I think the product's value is in being able to have some limited control over hit points without needing to source material or mix it, and thus save time. From that viewpoint it has its uses, but from a musicality point-of-view it didn't set my world on fire.


----------



## Vlzmusic (Jul 15, 2021)

SamC said:


> I assume the quality of AI music and its ability to score will become exponentially better very quickly. They're going hard on data collection to constantly refine. These companies have been contacting composers to test them, which seems...counterintuitive for the composer - - refining an AI that aims to chip away his/her livelihood.
> 
> If your main gig is underscore library or corporate, the clock is ticking for sure.


I love AI, I am sucker for everything AI based these days, but can assure you AI doesn't know if a human face it generates beautiful, or whether a frame it upscales and denoises is art. It knows only what it was taught to do - taught by humans, like you and me. It can replicate, but it cannot understand why. Once the industry moves on to another style of rubbish for the underscores, you have to update it, and use your own judgement what to do.

Simply said, there are human tasks, and AI tasks, both are important, but they don't intersect.


----------



## Daryl (Jul 15, 2021)

SamC said:


> If your main gig is underscore library or corporate, the clock is ticking for sure.


Well yes, if you're no good. The profession has been splitting in two for the past 20 years. The idea of a "middle class" composer is rapidly receding. It is becoming either you're successful, or you're not. AI will just ensure that the people at the lower end of the spectrum earn nothing, rather than peanuts. The real issue is that there may be no way to work yourself up the ladder, if there is o longer a ladder.


----------



## SamC (Jul 15, 2021)

Daryl said:


> Well yes, if you're no good. The profession has been splitting in two for the past 20 years.

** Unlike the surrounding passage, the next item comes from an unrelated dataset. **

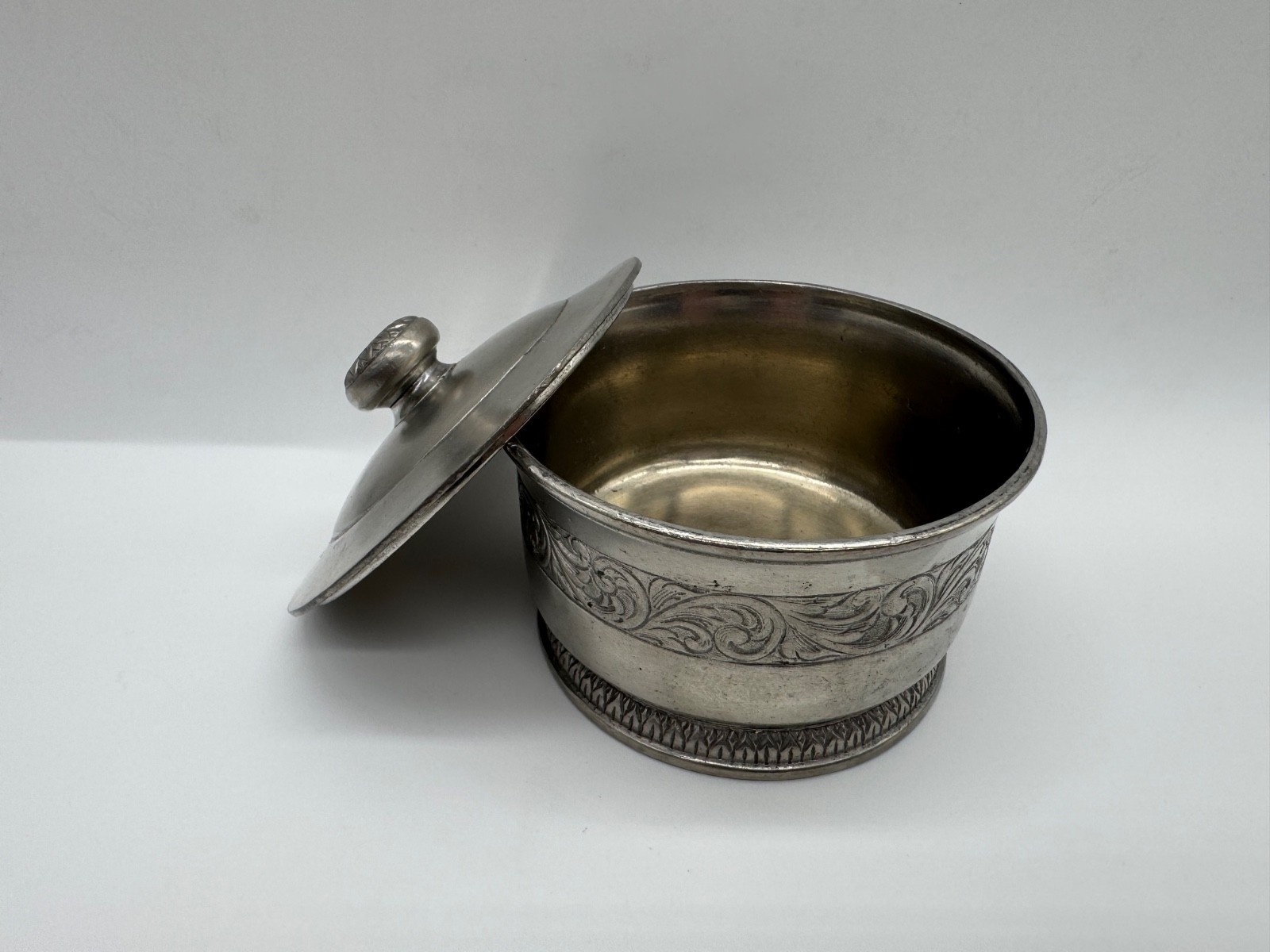 LABRAZEL ARTISAN CRAFTED PEWTER BATH CANISTER San Lorenzo Italy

The idea of a "middle class" composer is rapidly receding. It is becoming either you're successful, or you're not. AI will just ensure that the people at the lower end of the spectrum earn nothing, rather than peanuts. The real issue is that there may be no way to work yourself up the ladder, if there is o longer a ladder.


I agree, and I’d probably put library music as a whole in that “middle class” category. Irrelevant wether how good you are or not. And this is coming from someone who has been writing for “top shelf” libraries for the last 6 years - I know you’re a library guy too.

I just don’t see clients scrolling through thousands of light tension cues and then chopping them up for the edit if they can get an AI programme to whip up custom cues in seconds.

I do a lot of orchestral stuff so I would say my type of work might be safe a little while longer, but think of all the plinky plonky Dramedy cues, light tension beds or even promo music that could be easily replaced with automation. That’s a gigantic chunk of a library’s product.

I could be very wrong though, please tell me I am! I actually would like to be wrong, you’ve probably got a lot more experience than me since your posts are very insightful.

The ladder for younger composers being hacked away is the saddest part.


----------



## gsilbers (Jul 15, 2021)

I just saw the Ai software recreating Anthony burdaine voice out of all the hours of footage plus Ai. 

Maybe we should start creating Lawyer Ai for all the copyright issue afoot. 

Lawyer A.I scours the internet/social media for copyrighted material not approve and checks to see how to sue. It sues the AI software that created the music. 
We deploy AI to make money and also loose money and just live our lives in a parallel reality.


----------



## nolotrippen (Jul 15, 2021)

gsilbers said:


> I just saw the Ai software recreating Anthony burdaine voice out of all the hours of footage plus Ai.
> 
> Maybe we should start creating Lawyer Ai for all the copyright issue afoot.
> 
> ...


Let me know when it can create Karen Carpenter or Mel Torme.


----------



## Daryl (Jul 16, 2021)

SamC said:


> I agree, and I’d probably put library music as a whole in that “middle class” category. Irrelevant wether how good you are or not. And this is coming from someone who has been writing for “top shelf” libraries for the last 6 years - I know you’re a library guy too.
> 
> I just don’t see clients scrolling through thousands of light tension cues and then chopping them up for the edit if they can get an AI programme to whip up custom cues in seconds.
> 
> ...


In spite of what some people tell you, there will always be a place for "quality". One would think that if you wanted "plinky plonky Dramedy cues", and any old crap would do, then there are plenty of cheap online libraries that could supply that. However, there are still many clients who would rather play for a real string quartet playing pizzicato, than some dodgy sampled version, using samples that sound like they were made in the 1980s.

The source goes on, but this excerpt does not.